By John Farrell
If you missed Annie at the Warner Grand Theatre within the first weekend in February there is good news and bad.
Bad because you missed a very lively professional production of the Broadway favorite with 75 performers on stage from Encore Entertainers, directed by Summer Cacciagioni and choreographed by Jennifer DiBenedetto. Four performances, Feb. 2, 3 and 5, were presented to what, at least at Friday’s performance, was an audience that nearly filled the Warner Grand.
Good news because you won’t have to miss their next production at the Warner, Joseph and the Amazing Technicolor Dreamcoat, set for June 28 through July 1 at the theatre.

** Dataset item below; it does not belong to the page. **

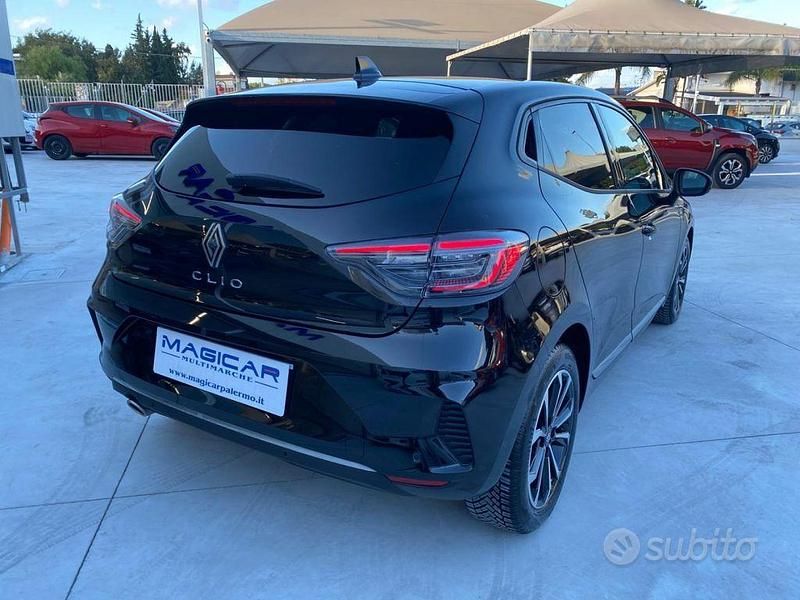 Usata Renault Clio V Techno 90 CV (66 kW) 2024 Nero Berlina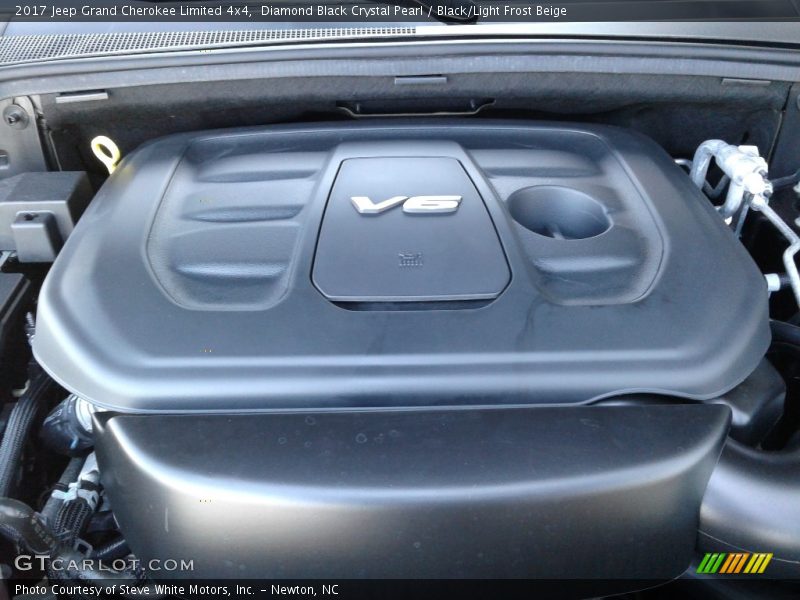 Diamond Black Crystal Pearl / Black/Light Frost Beige 2017 Jeep Grand Cherokee Limited 4x4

Encore Entertainers has had a remarkable ride since they began in 2007 in west Los Angeles: 34 musical comedies produced and other activities as well, mostly at the Centinela Center for the Arts. Now they have brought their company to the Warner Grand as well and have found not only a beautiful movie palace to present musicals in, but a whole new audience that has proven itself supportive and eager.
This was Annie with a pre-recorded score, but the very lively young cast, with the regular seven orphans doubled and tripled during dance numbers, were so enthusiastic, and so well rehearsed, that you didn’t notice. There was double and even triple casting for the four performances: Friday night there was the added interest of seeing Annie (Alexa Hodzic, lovely in red) play opposite her father, Arif Hodzic. Arif Hodzic was making his musical-comedy debut in the role of Daddy Warbucks, and if he didn’t look the part (and with his full head of hair he didn’t) it was still nice to see a father and daughter act.
You couldn’t keep track of everyone on stage even with a program, since there were so many names and so many faces (presumably the proud parents in the audience knew who was who). But there were standouts, notably Summer Cacciagioni, who directed the prodigious production and made the most of the role of Miss Hannigan Friday night. She was just the right mixture of befuddled love and simian greed, all the while keeping up with dozens of orphans on stage. Lia Abinante was a very lovely Grace Farrell, Warbucks’ lovely secretary, and David Mitrano was a standout as the radio celebrity Bert Healy.
Joseph and the Technicolor Dreamcoat, Andrew Lloyd Webber’s early (and perhaps best) musical is scheduled next, set for June 28 through July 1 at the Warner, and if it is as professional as Annie, they may have to open the balcony to hold the overflow.